═══ Provided material

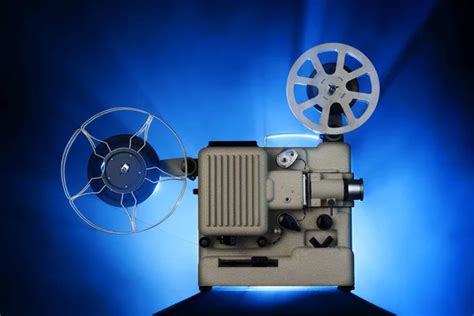 Vintage cinema projector Stock Photo by ©estudiosaavedra 110870540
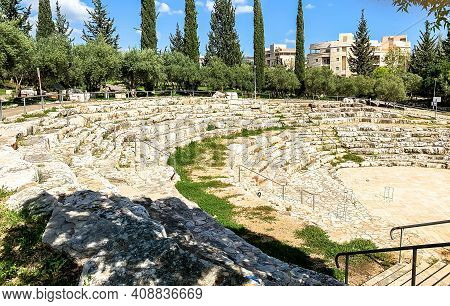 Karmiel, Israel - April 11,2019 : Amphitheater In Galil Or Quarries Park At At The Town- On Of The B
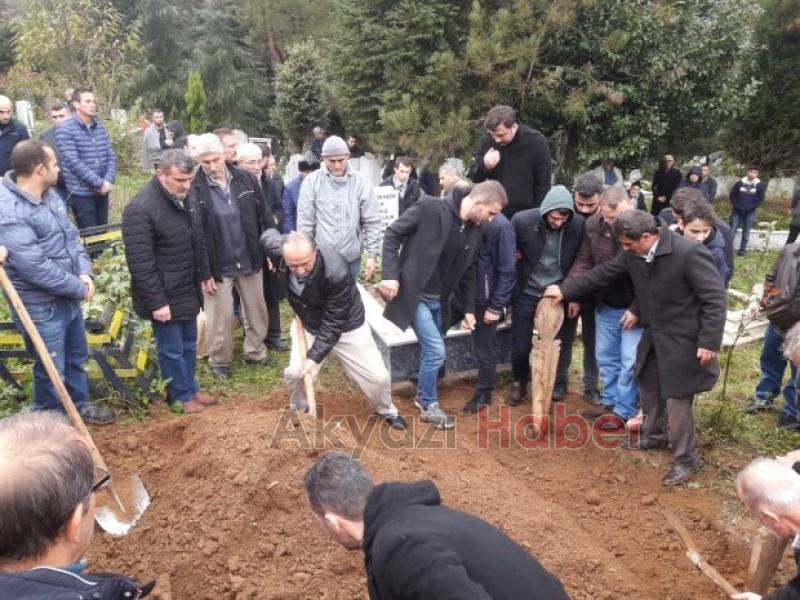 Mine Aydın Defnedildi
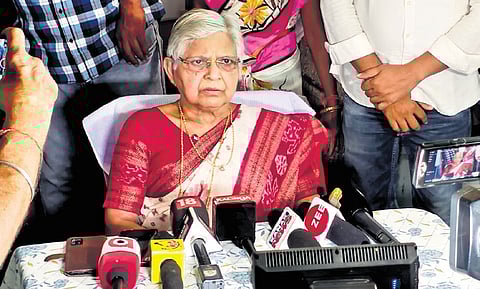 Dr Raseswari Panigrahi addressing the media at Sambalpur on Tuesday
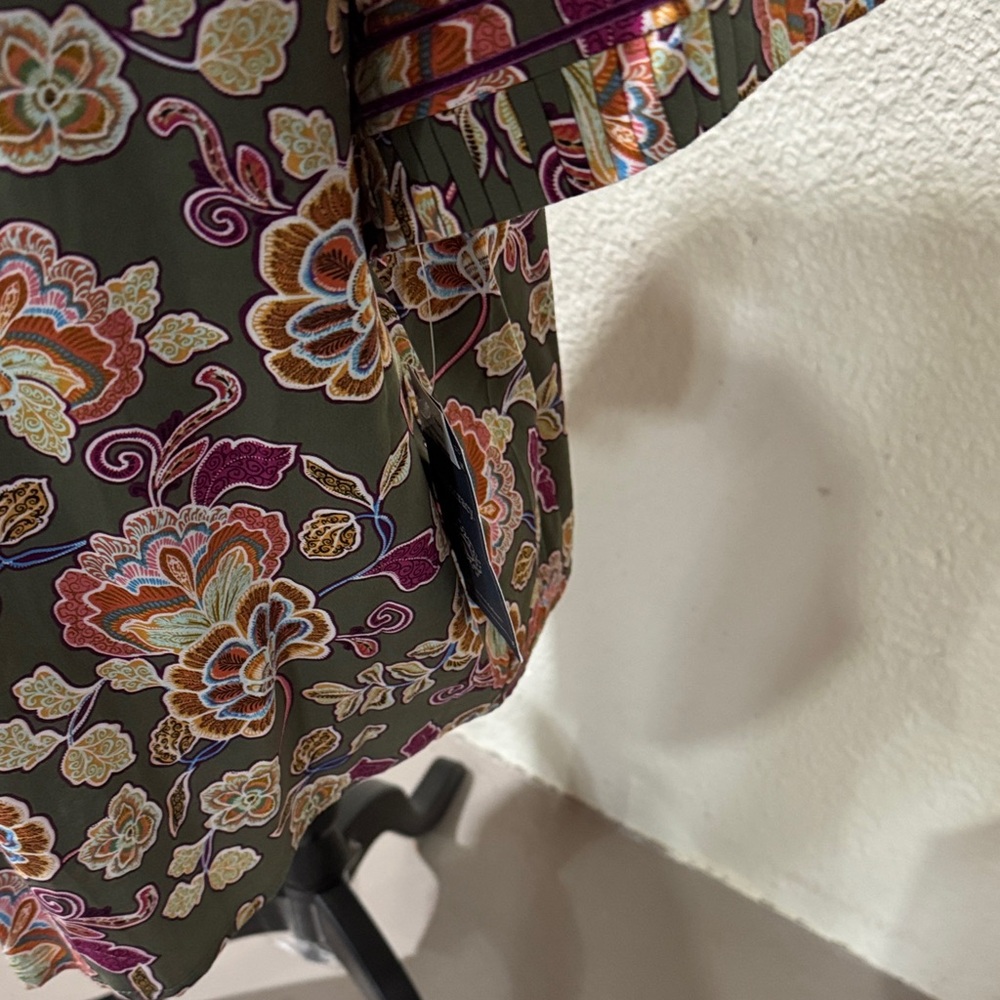 Democracy Multicolor Patterned Blouse NWT - image 4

══════

→ Task objective:
All that is wanted is the lines from the one holding "Mine Aydın Defnedildi" through the end of the material, duplicated exactly, with no pictures.

→ Solved problem:
 Mine Aydın Defnedildi
 Dr Raseswari Panigrahi addressing the media at Sambalpur on Tuesday
 Democracy Multicolor Patterned Blouse NWT - image 4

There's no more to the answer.